The resolution adopts the principle of “privacy by design,” which requires privacy policies to be embedded throughout the lifecycle of AI systems, from development to updates and retraining, while adhering to ethical and scientific principles. In this context, technical and administrative security measures should be implemented according to the state-of-the-art and criticality of the data and systems involved.
Additional obligations strengthen physician confidentiality and may result in regulatory sanctions in the following cases:
- failure to protect the confidentiality, integrity, and security of health data used in AI systems;
- Failing to ensure the appropriate processing of patient data, especially sensitive data, with respect to the processing purposes communicated to the data subject.
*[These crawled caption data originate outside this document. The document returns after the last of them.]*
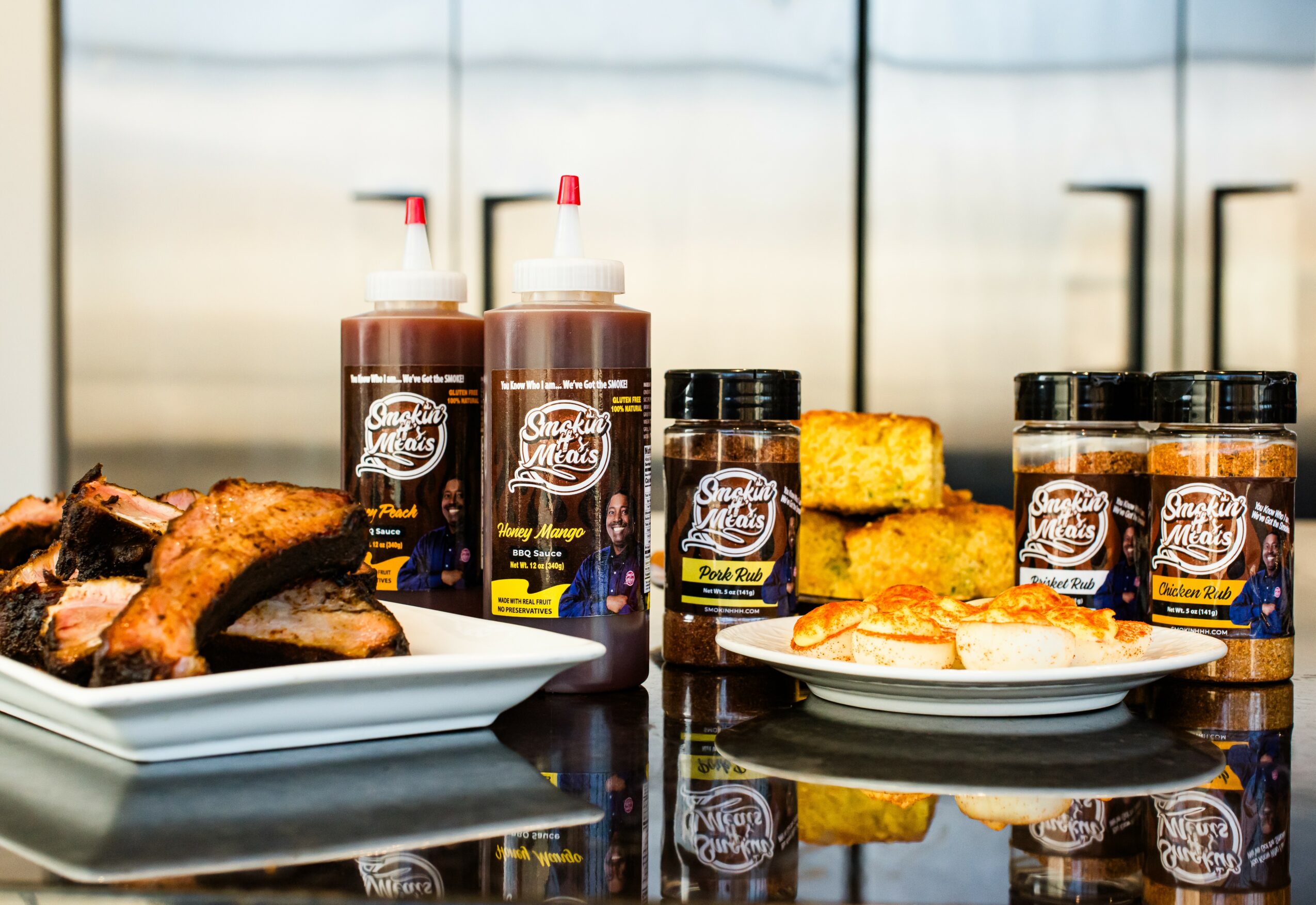 Assorted barbecue sauces, grilled chicken, cornbread, and sliced meat on plates, with a reflective background.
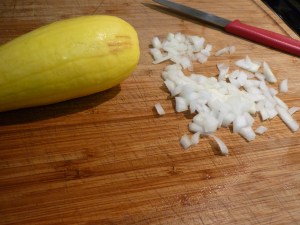 Saute the onion in olive oil until translucent and then add the squash. Saute for a few minutes and then sprinkle in a little parsley, oregano, and basil. Continue sauteing until the squash is soft.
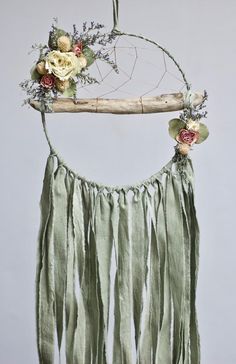 a dream catcher with flowers and branches hanging from it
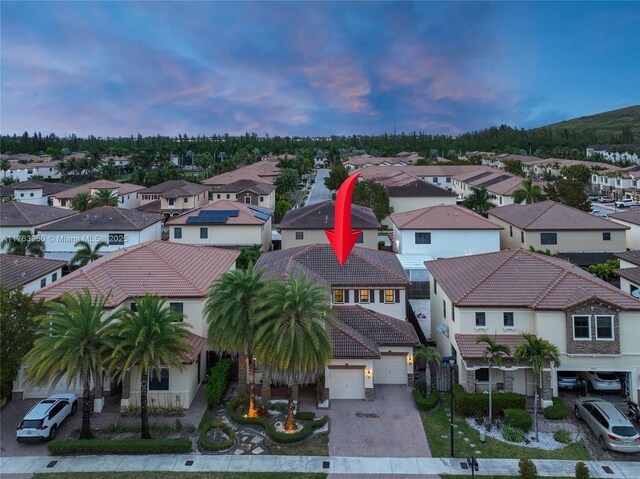 9835 NW 86th Ter, Doral, FL 33178 - aerial view at dusk featuring a residential view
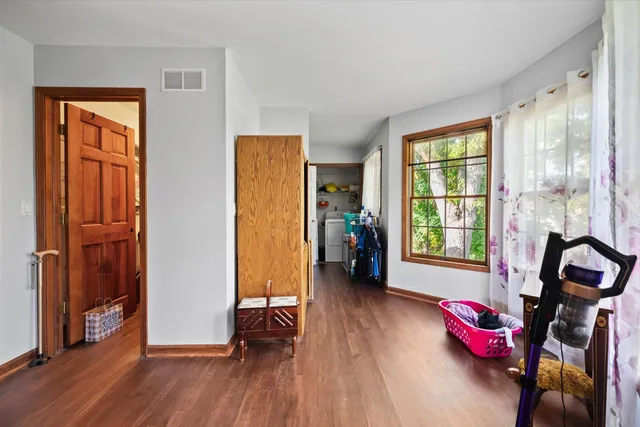 a view of a room with furniture and wooden floor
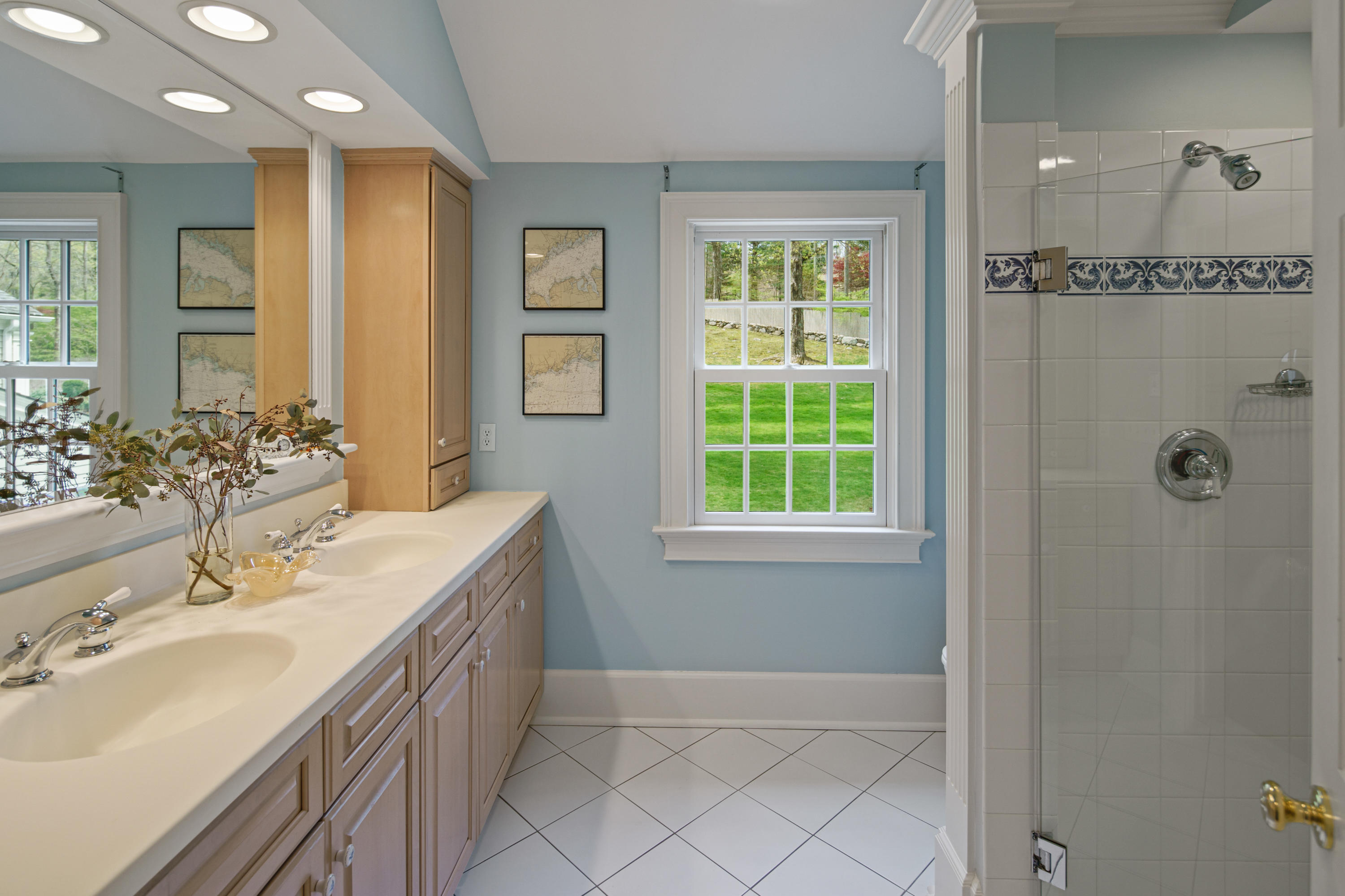 398 Valley Road New Canaan, CT 06840 - Photo 24 of 44 a spacious bathroom with a double vanity sink a mirror and a shower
- Failure to notify competent authorities of suspected failures, significant risks, or inappropriate use of AI that could harm patients or health care. or
- Use of AI technology that does not ensure appropriate information security standards.
conclusion
The resolution issued by the CFM represents an important regulatory milestone in the fields of data privacy, artificial intelligence, and bioethics, recognizing technological innovation while upholding best practices and human dignity in healthcare. Therefore, professionals and institutions implementing AI technologies are strongly advised to have a regulatory legal plan in place to ensure compliance and reduce the potential risk of enforcement by authorities such as the Brazilian Data Protection Agency (ANPD) or the Federal Medical Council.
See the full resolution.
*This content was created with the participation of Ana Loiola, Legal Clerk.